Over the last few years the subject of good governance has experienced a resurgence. The focus is now concentrated to the realm of the legislative compliance by the directors of publicly listed companies; their fiduciary duty to corporate shareholders and investors. In the Caribbean the resurgence of interest is evidenced by the recent adoption of corporate governance codes of conduct and recommendations for public companies in the islands of Barbados, Trinidad and Tobago and Jamaica from 2006 to 2015 according to the Caribbean Corporate Governance Institute.
A closer examination of good governance reveals that it is applicable to a variety of organisations not only public companies but also private companies and entities such as foundations and family offices. The utilization of good governance is particularly important in private organizations where the lack of good governance can have severe consequences and there are limited remedies available to members, shareholders and investors.
What are the benefits of good governance
A good governance programme increases the overall profit and performance of the organization and increases levels of transparency and accountability. Generally, in many private organisations there is natural governance usually having one charismatic leader: informal decision-making processes and a general lack of transparency, which is prone to risk. However the implementation of a formal governance structure not only offers a clear vision for the organisation but also reduces risk and encourages transparency in the decision-making process.
What is Good Governance
There are no limit of definitions for good governance but at its core good governance is the decision-making process which regulates the duties of the board of directors in relation to its shareholders and investors, ideally resulting in the overall increasing performance of the company and higher returns. In tailoring a successful governance programme, consideration should be given to the nature of the organisation, its size, vision for the organization and legal and regulatory requirements.
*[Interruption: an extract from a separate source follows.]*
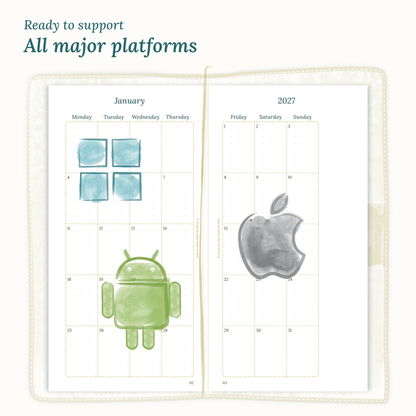 Open planner insert next to Windows, Android, and Apple logos indicating operating system compatibility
Four Elements of Good Governance
The essential elements to a good governance programme can be categorized under the headings of leadership, standards and controls, training and communication and risk assessment to ensure overall transparency.
- Leadership: The leaders of the organization should encompass trust, ethics and integrity which would reverberate throughout the organisation from the Board of Directors to the lower levels. The establishment of a chain of command, the proper definition of roles and the delegation of authority, encourages a culture of transparency in the organisation.
- Standards and Controls: A system of accountability and control is necessary for each member to understand their role and the expectation of the organization of them. It encompasses continual audits and assessments and a process for conflict resolution so that no one individual should have unfettered decision-making as exemplified in the standard set out in the code of conduct.
- Training and Communication: All organizations should be aware of any gaps in their knowledge base which is important for the proper running of the organization. In addition communication throughout the organization to its members ensures that everyone shares the same vision and goals.
- Risk Analysis and Assessment: According to the G20/OECD Principles of Corporate Governance Report 2015 risk assessment is essential for effective governance. The identification of risk both present and in the future and how best they can be addressed should they arise should be on the agenda of all organisations.
Many private organisations such as foundations and family offices can benefit from the application of good governance practices to increase their overall performance especially where the environment in which it operates becomes more complex.
A review of two elements such as leadership and risk analysis illustrates this point for family offices and foundation. For example, the leadership of the organisation may wish to create a mission statement, which focuses on social impact investing and corporate responsibility. In addition the risk analysis and management process may wish to focus on cyber security and breaches in confidentiality. In both instances it is necessary for the organisation to determine its risk tolerance and the types of endeavours in which it engages.
Good governance practices is integral to the success of any organisation and the above review definitely illustrates that there is more to it than meets the eye and therefore it would be in the interest of every organisations to implement some level of formal governance to ensure its longevity and success.